Why complete measure spaces? This is a longstanding confusion of mine without a clear answer. Why do we complete measure spaces? Certainly, it is nice to have the property that if some set is of measure zero, then a smaller set also should be so. However, when I looked up the mathematical literature, I am unable to find a single theorem that works better for complete measures. So, the only reasons in support of completing the measure seem to be: 1)., it agrees with our intuition of what can be neglected, 2)., the Caratheodory extension process automatically gives a complete measure.

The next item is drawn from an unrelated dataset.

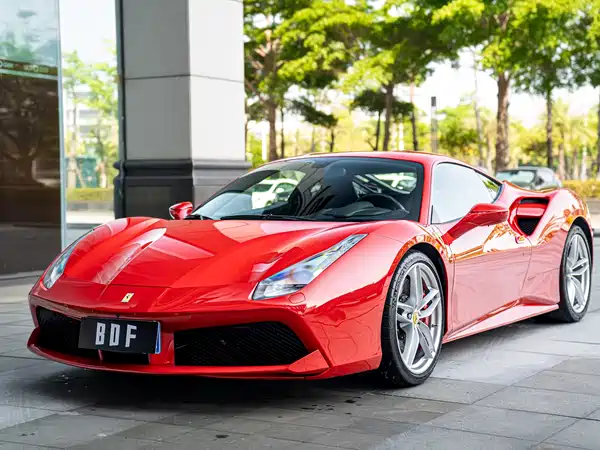 Ferrari 488 2018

I was also surprised to realize that in probablity theory, very little use is made of the Lebesgue $\sigma$-algebra. Almost always the Borel $\sigma$-algebra is used. This prominence of Borel $\sigma$-algebras also seems to be the case in ergodic theory, where one considers for instance the space of all probability measures on a given measurable space(usually equipped with a Borel $\sigma$-algebra), and the null sets might differ from one measure to other(for example, consider Dirac measures concentrated at different points).
So, what are some better mathematical reasons to argue for complete measures? Are there some theorems that I do not know, which are true only for complete measures? There ought to be some, to give credence to all W. Rudin's going-on about the process of completing a measure being as significant in analysis, if not more than, the process of completing the rationals into the real numbers. One can readily find a number of theorems in analysis that would break without the least upper bound property of real numbers. Such does not seem to be the case with completing the measure space, with a superficial look.
 A: In the theory of stochastic processes it is nearly always assumed that the filtrations we are working with are the ones satisfying the so called usual conditions, i.e. they are right continuous and their initial (and thus every) sigma-field is complete.
While it is hard to give some good philosophical explanation of that state of affairs, one thing is certain: the usual conditions are really needed from the technical point of view, they are necessary to perform many constructions and prove theorems in the theory of stochastic processes.
The general theory of stochastic integration is developed with respect to filtrations satisfying usual conditions and complete probability spaces.
If you would like to see the stochastic integration in its most general form and many deep theorems requiring the usual conditions assumption about filtrations and the completeness assumption about probability spaces see "Probabilities and potentials" by Dellacherie and Meyer and "Semimartingales" by Metivier.